Communist-run Cuba, which once frowned upon the Beatles as a decadent Western influence, on Thursday held an open-air covers concert in a Havana park to celebrating 50 years since the release of the band’s landmark album Sgt. Pepper’s Lonely Hearts Club Band.
Beatlemania has flourished belatedly on the Caribbean island, where authorities in the 1960s and 1970s considered Beatles songs “ideological diversionism.” That censorship faded after the Cold War ended and late President Fidel Castro in 2000 pulled a cultural about-face, calling John Lennon a “revolutionary” hero and unveiling a bronze statue of him sitting on a bench in a park.
Today, Beatles music is played on the Cuban airwaves and Lennon Park is one of Havana’s minor landmarks. Hundreds of Beatles fans turned up there on Thursday evening to rock to Cuban covers of emblematic songs from the band’s eighth album, considered by many to be their best, sometimes with a local twist like a salsa beat
“The Beatles are beloved in Cuba. They are the greatest there is in the history of music,” said Ivan Rico, a dock worker who like many at the concert sported a T-shirt emblazoned with the image of Liverpool’s Fab Four. Rico said he felt his school punished him for enjoying the Beatles so he was delighted now to be able to indulge in his passion.

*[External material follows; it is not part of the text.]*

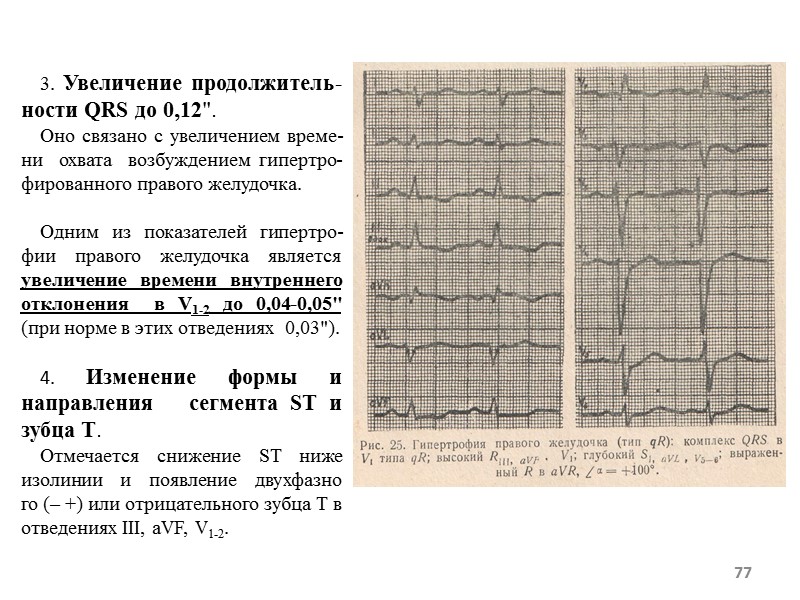 77 3. Увеличение продолжитель-ности QRS до 0,12 77 3. Увеличение продолжитель-ности QRS до 0,12
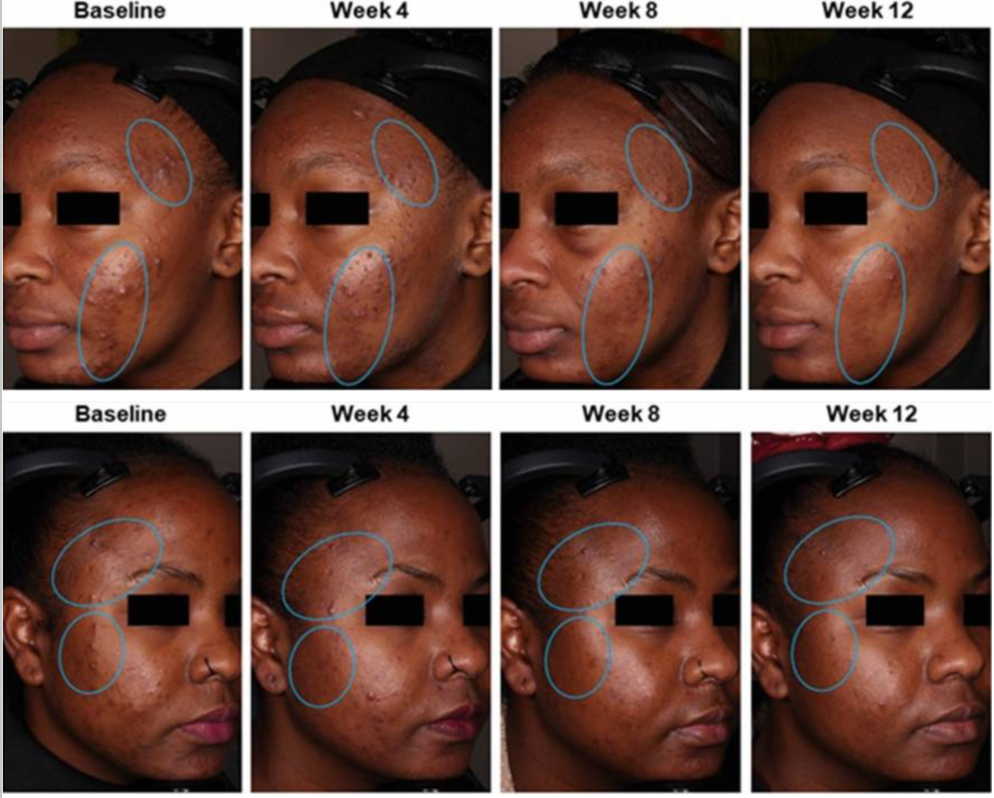 Effet d'une lotion à 0,045% de tazarotène sur deux femmes souffrant d'acné et d'hyperpigmentation.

Other music lovers recalled smuggling in tapes or records and listening to them at clandestine parties. “I couldn’t live this at the appropriate time of my life, so I’m fulfilling that dream I still have now,” said Ruben Urias Raurell, 62, who traded his fishing equipment for his first Beatles record as a youngster.
Lennon Park has become a pilgrimage destination for local fans as well as foreign tourists. Guards ensure they do not make off with the iconic round-rimmed spectacles placed on the Lennon statue.
“We look after them 11, 12 hours per day, and then we take the glasses home with us,” said Aleyda Rodriguez, 72. She said it hard to find the right type of glasses in Cuba so people traveling abroad would sometimes bring her some back.
“You may say I’m a dreamer, but I’m not the only one” from the song Imagine is engraved in Spanish at the feet of the statue. Around the corner from the park is The Yellow Submarine, one of several tributes bars across the island.
The Rolling Stones, another band that was once censored in Cuba, played to a crowd of nearly half a million people in March 2016.